• [TASK TO CARRY OUT]:
Each line of the data below between the one containing "Lampu Pijar Bohlam Electra 5Watt" and the one containing "Cavallo e Patate", both included, is to be repeated exactly. Please omit pictures.

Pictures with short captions
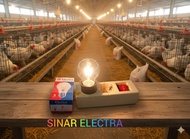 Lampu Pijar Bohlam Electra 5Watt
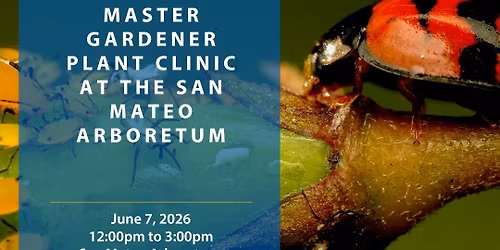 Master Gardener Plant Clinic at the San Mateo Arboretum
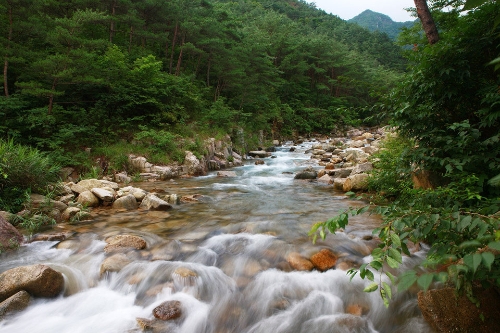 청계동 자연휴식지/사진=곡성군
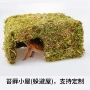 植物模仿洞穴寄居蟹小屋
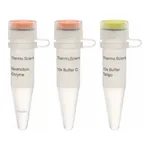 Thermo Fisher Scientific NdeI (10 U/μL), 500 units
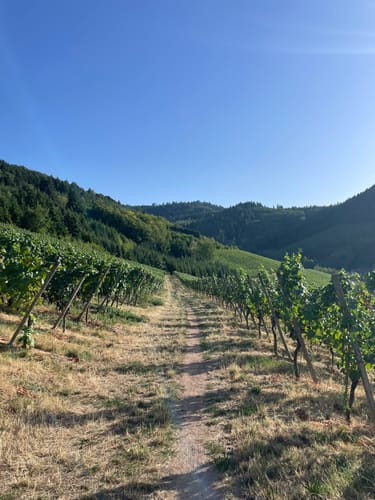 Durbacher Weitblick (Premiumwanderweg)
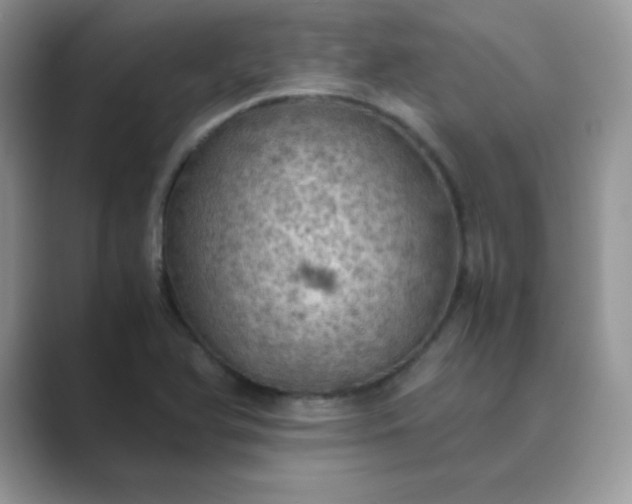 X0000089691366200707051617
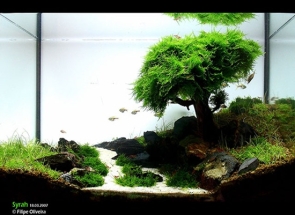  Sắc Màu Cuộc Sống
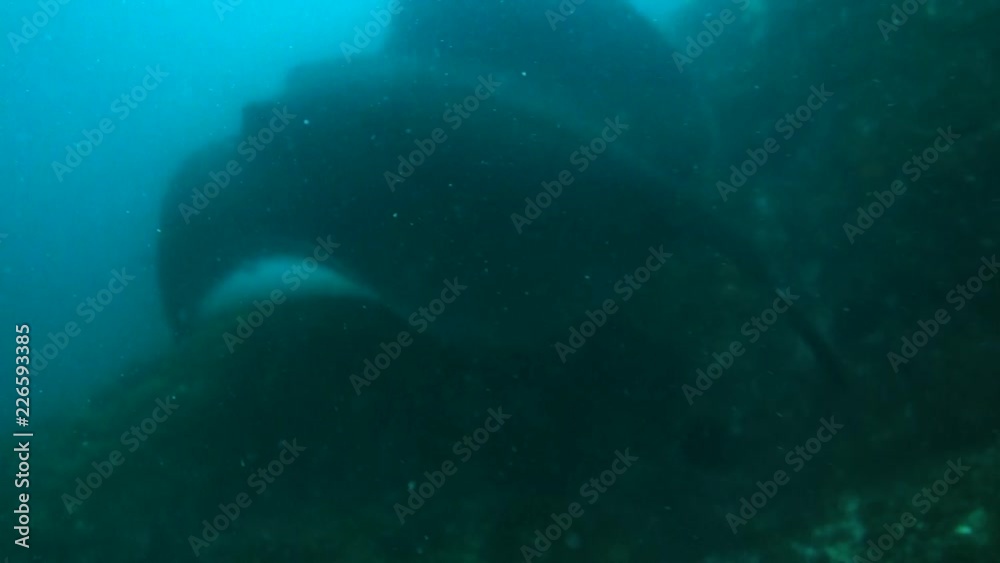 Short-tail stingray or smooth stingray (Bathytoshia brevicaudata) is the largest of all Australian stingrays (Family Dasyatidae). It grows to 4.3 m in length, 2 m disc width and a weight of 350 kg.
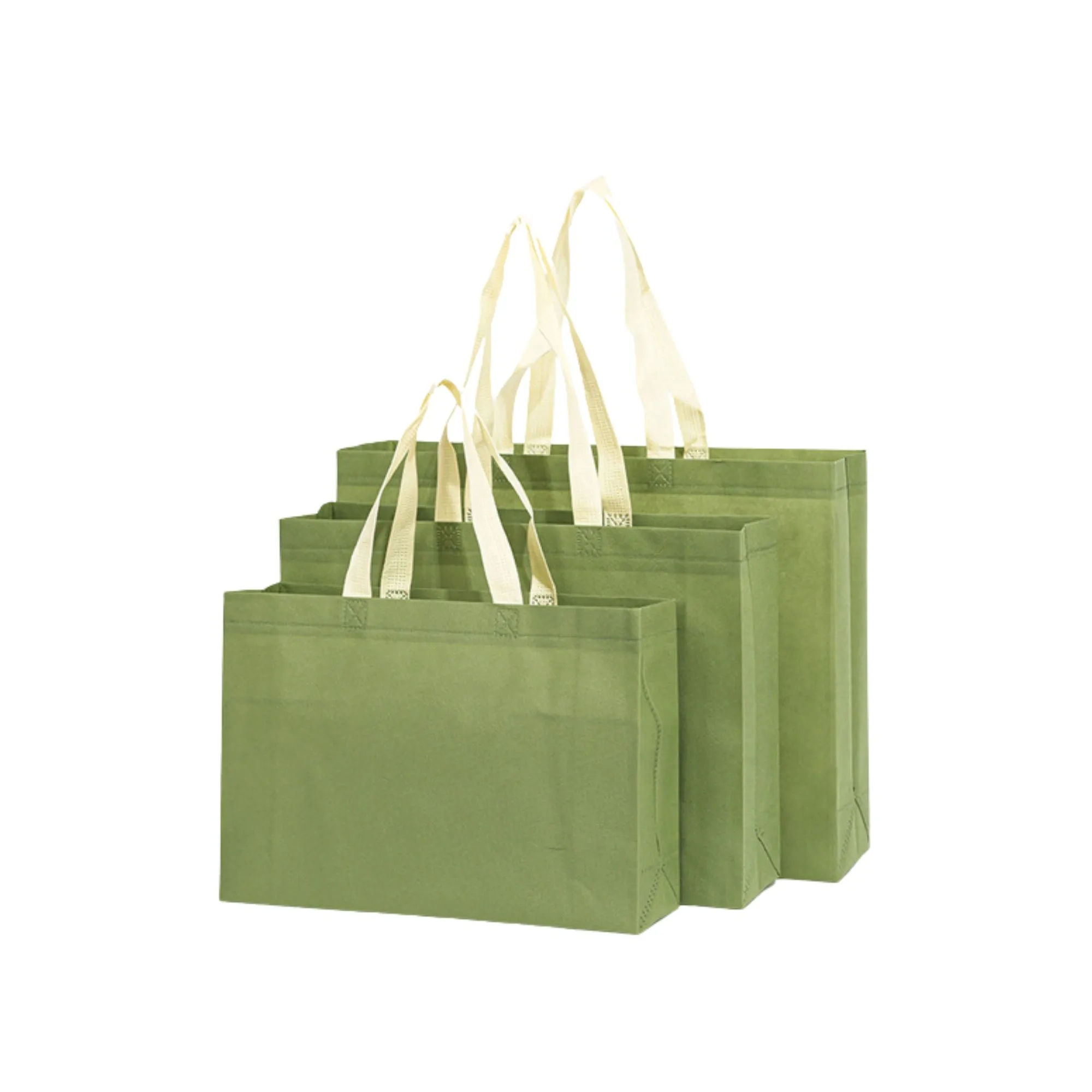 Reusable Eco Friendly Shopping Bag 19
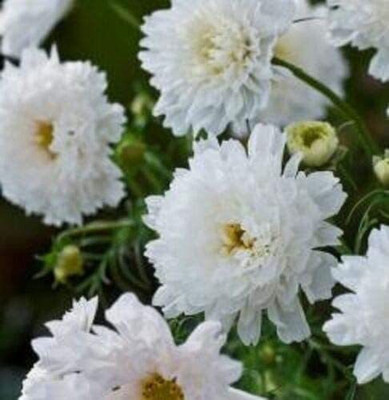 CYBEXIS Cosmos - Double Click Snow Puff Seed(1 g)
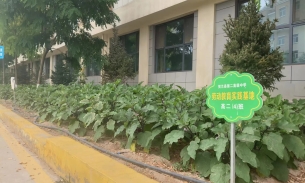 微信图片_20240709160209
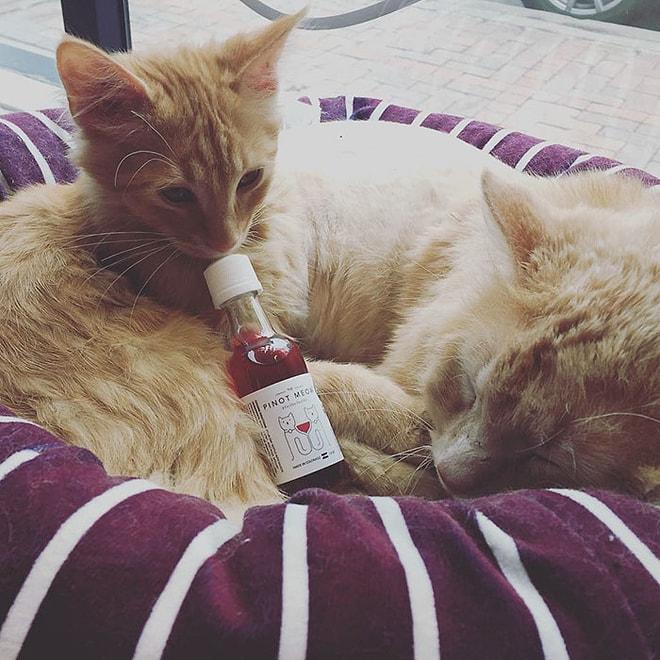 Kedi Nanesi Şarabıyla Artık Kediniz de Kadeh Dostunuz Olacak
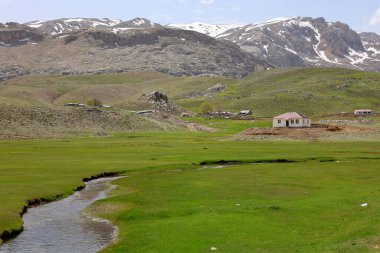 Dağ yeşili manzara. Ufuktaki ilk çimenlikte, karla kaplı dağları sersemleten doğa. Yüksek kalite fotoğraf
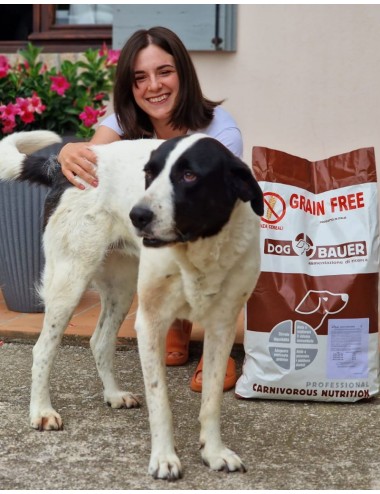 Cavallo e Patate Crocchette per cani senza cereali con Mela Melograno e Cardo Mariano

* * *

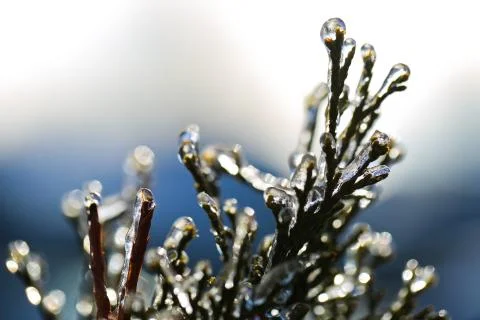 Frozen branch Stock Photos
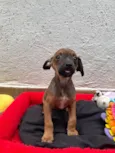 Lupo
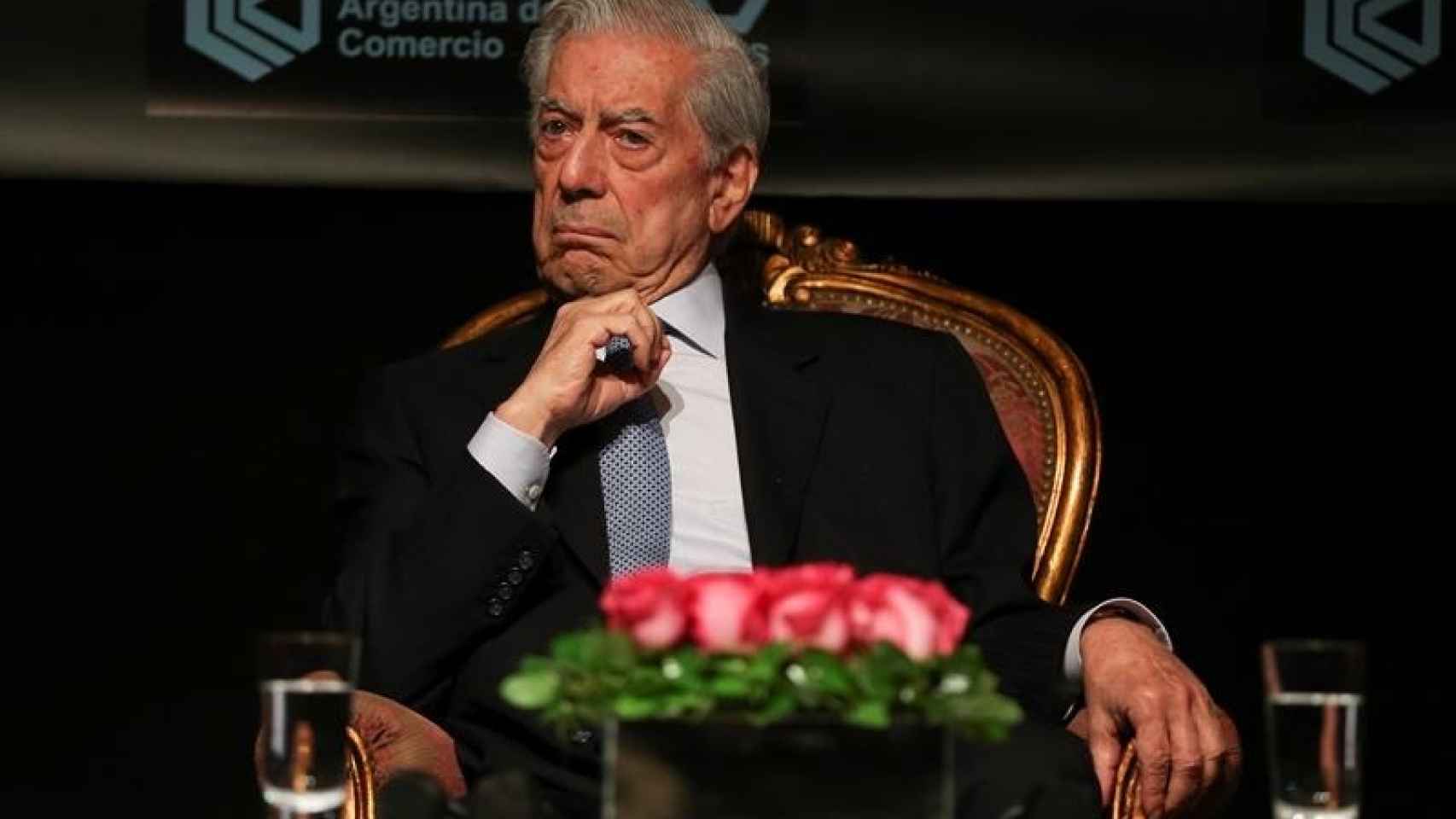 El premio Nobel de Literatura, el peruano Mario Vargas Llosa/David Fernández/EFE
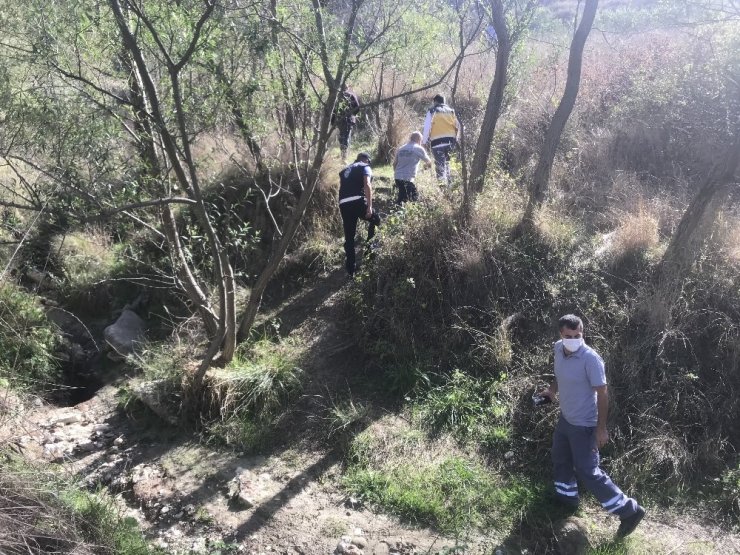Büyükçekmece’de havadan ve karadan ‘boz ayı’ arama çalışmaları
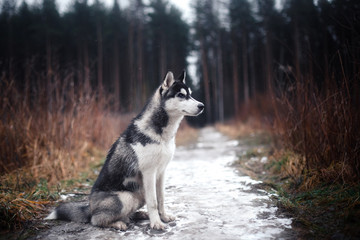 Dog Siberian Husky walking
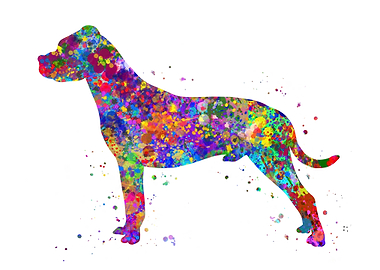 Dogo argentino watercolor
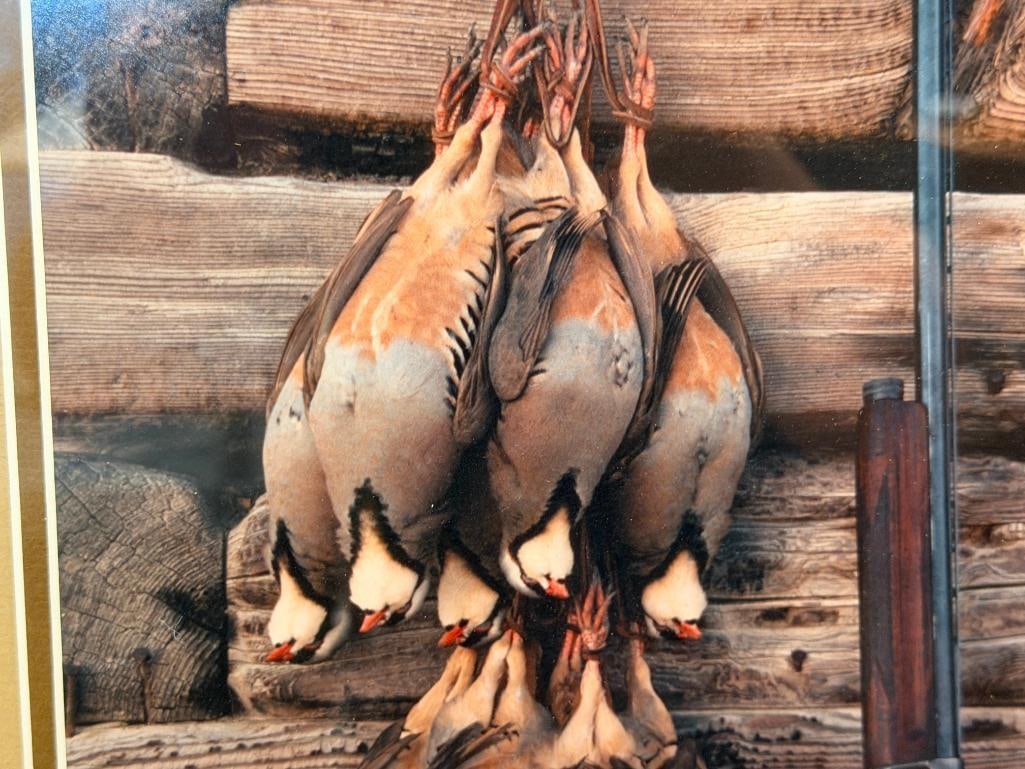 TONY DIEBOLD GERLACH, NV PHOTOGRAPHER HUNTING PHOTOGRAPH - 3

• [EXERCISE RESULT]:
 Lampu Pijar Bohlam Electra 5Watt
 Master Gardener Plant Clinic at the San Mateo Arboretum
 청계동 자연휴식지/사진=곡성군
 植物模仿洞穴寄居蟹小屋
 Thermo Fisher Scientific NdeI (10 U/μL), 500 units
 Durbacher Weitblick (Premiumwanderweg)
 X0000089691366200707051617
  Sắc Màu Cuộc Sống
 Short-tail stingray or smooth stingray (Bathytoshia brevicaudata) is the largest of all Australian stingrays (Family Dasyatidae). It grows to 4.3 m in length, 2 m disc width and a weight of 350 kg.
 Reusable Eco Friendly Shopping Bag 19
 CYBEXIS Cosmos - Double Click Snow Puff Seed(1 g)
 微信图片_20240709160209
 Kedi Nanesi Şarabıyla Artık Kediniz de Kadeh Dostunuz Olacak
 Dağ yeşili manzara. Ufuktaki ilk çimenlikte, karla kaplı dağları sersemleten doğa. Yüksek kalite fotoğraf
 Cavallo e Patate Crocchette per cani senza cereali con Mela Melograno e Cardo Mariano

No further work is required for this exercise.